Commentaire sur le reportage du 18 septembre 2011 à l'émission scientifique Découverte à Radio-Canada

L’émission Découverte de la SRC a diffusé un reportage sur les enjeux environnementaux relatifs à l’industrie des gaz de schiste. Marc Durand, Doct-ing en géologie appliquée, professeur retraité du département des sciences de la Terre de l’UQAM et membre du Collectif scientifique sur la question des gaz de schiste y intervient brièvement. Dans l’article qui suit, il tient à "livrer quelques commentaires sur le reportage".
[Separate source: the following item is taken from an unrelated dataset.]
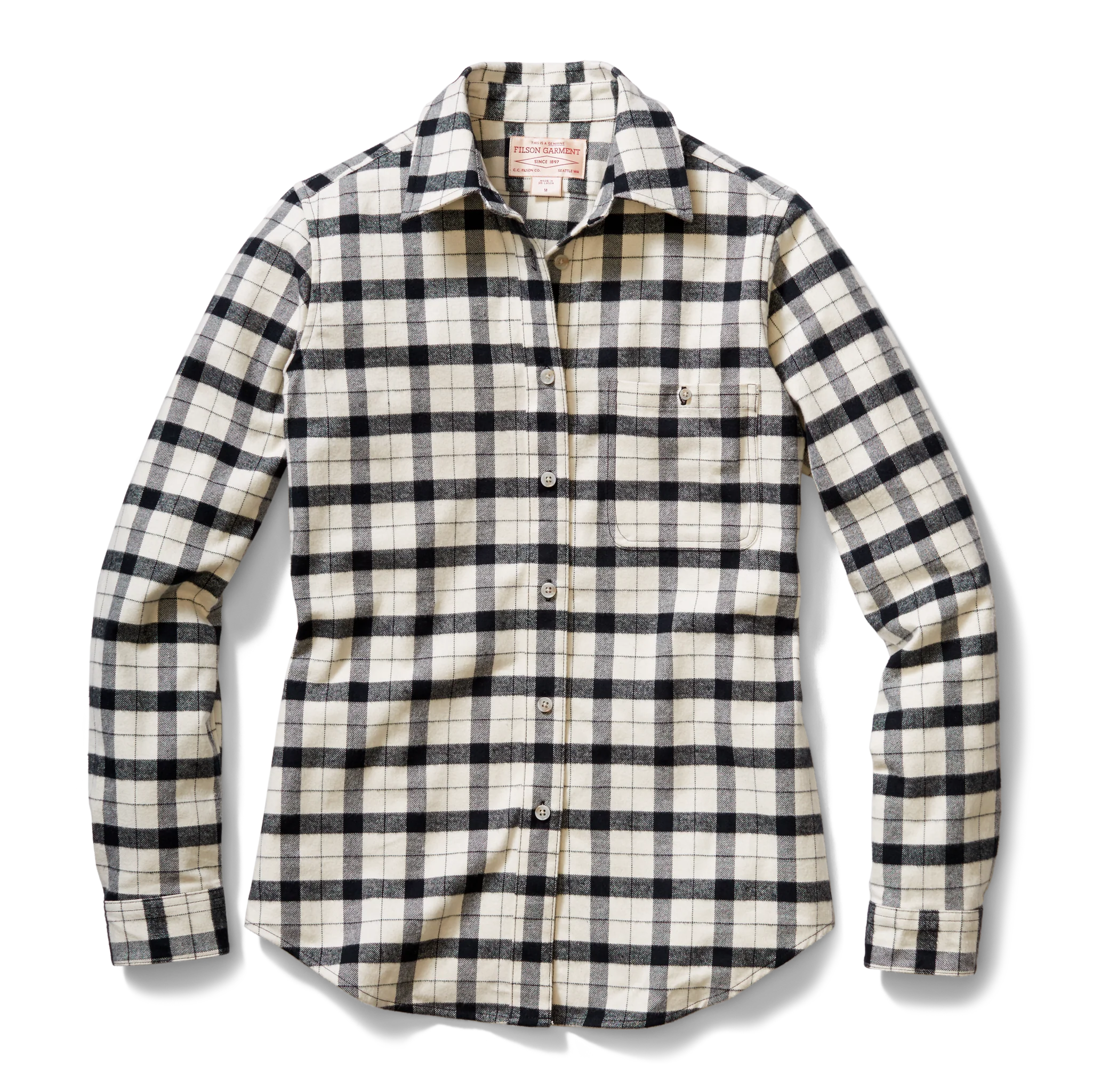 Women's Alaskan Guide Shirt - FILSON OUTLET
Les problèmes très sérieux associés à la fracturation hydraulique et aux rejets massifs d’eau ainsi contaminée ont monopolisé l’attention des médias dans le dossier des gaz de schiste. C’est une question importante et ce sera toujours un aspect central du dossier, mais on ne doit pas oublier un autre problème tout aussi préoccupant : les fuites de méthane. L’émission Découverte a diffusé un reportage dimanche le 18 septembre sur ce sujet spécifique. Découverte a sollicité de moi une entrevue en février dernier ; je crois donc utile de livrer quelques commentaires sur ce reportage.
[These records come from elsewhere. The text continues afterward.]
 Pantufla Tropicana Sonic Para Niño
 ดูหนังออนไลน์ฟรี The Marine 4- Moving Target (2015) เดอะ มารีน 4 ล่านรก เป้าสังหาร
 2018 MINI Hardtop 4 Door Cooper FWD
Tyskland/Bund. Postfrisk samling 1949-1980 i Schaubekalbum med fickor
Ce reportage peut être visionné à ce lien : Découverte 18 septembre 2011 (http://www.radio-canada.ca/audio-video/pop.shtml#urlMedia=%20http://www.radio-canada.ca/Medianet/2011/CBFT/2011-09-18_18_30_00_dec_2899_01_800.xml)

Est-ce un reportage qui traite de façon correcte du sujet des fuites de méthane dans les puits gazier de l’Utica ? Il y a le fond et la forme : pour le fond, en restreignant la question à l’état actuel des fuites, je pourrais dire oui, le reportage présente un bon portrait* de la question des fuites actuelles. Mais il traite aussi en toute fin, et de façon vraiment très sommaire, la question des fuites possibles dans le long terme, après l’abandon des puits. Là le fond du sujet est hélas mal présenté, car c’est beaucoup trop bref et vraiment incomplet.
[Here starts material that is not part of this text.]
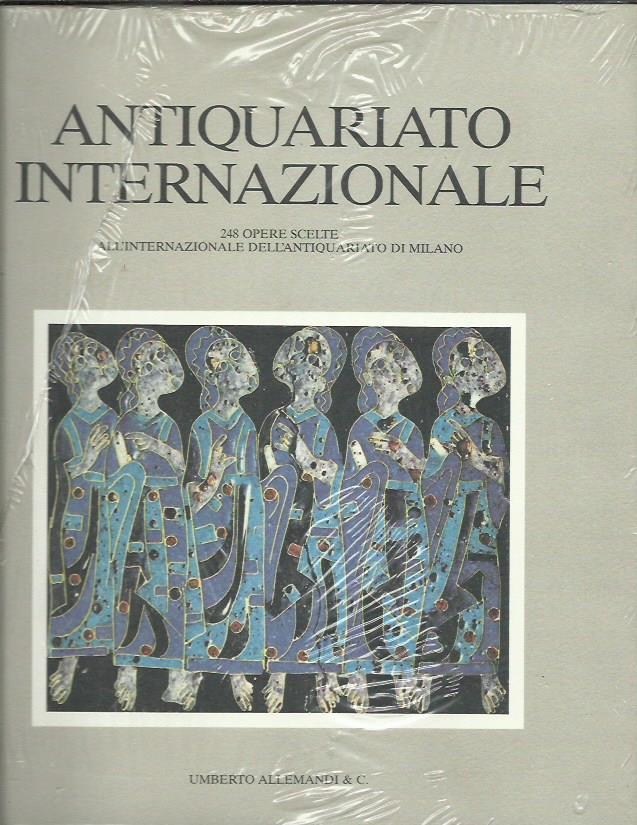 Antiquariato internazionale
La cause de ces fuites se résumerait, selon les propos du reporter Jean-Hugues Roy, à la question de la remontée en pression dans les puits ; c’est une toute petite partie de la question, car elle est combinée à la dégradation inévitable des coulis et des aciers des puits abandonnés (non mentionné dans le reportage).

On ne dit pas non plus que l’abandon survient quand le débit devient non rentable et qu’à ce moment là, il reste 80% du méthane qui poursuit sa migration vers les fractures et que c’est cela qui explique pourquoi la pression remontera dans les puits. La migration du méthane vers les nouvelles fractures créées est un lent processus géologique qui en est encore à ses tout débuts quand les forages sont bouchés et abandonnés. On ne peut pas parler des fuites sans traiter de cela aussi. Tout ceci faisait partie de l’essentiel de l’entrevue que j’ai donné en février et qui est omis du reportage ; cela aurait pris une minute de plus pour dire cela avec quelques mots, comme par exemple ceux mis en souligné ci- dessus dans deux phrases.

J’ai un gros bémol quant à la forme du reportage ; là on sait bien que sur un sujet aussi nouveau et controversé, diverses thèses scientifiques et techniques s’affrontent. On peut parler d’arguments scientifiques pro et anti. Il y a aussi dans le reportage, du temps des entrevues, et des commentaires, disons ni pour, ni contre ; dans ceux-là, je range les propos des employés du gouvernement, les propos du narrateur Jean-Hugues Roy, les animations de l’équipe d’infographie 3D de Découverte, toujours de haute qualité, etc.

Côté pro-gaz, on a donné tout le temps requis à la géologue de Talisman pour temporiser et minimiser toutes les questions traitées sur le sujet : avec six interventions pour une durée cumulative de 1 minute 40 sec, Mme Molgat défend bien le point de vue des cies gazières, comme quoi, les fuites, il n’y a rien là, pas de quoi s’inquiéter, on fera mieux la prochaine fois, etc. On sent que cette fois-ci Radio-Canada a peut-être pris de grandes précautions pour ne pas avoir de protestation de la part de Talisman, comme cela s’est produit après la diffusion de l’émission du 14 novembre sur les gaz de schiste.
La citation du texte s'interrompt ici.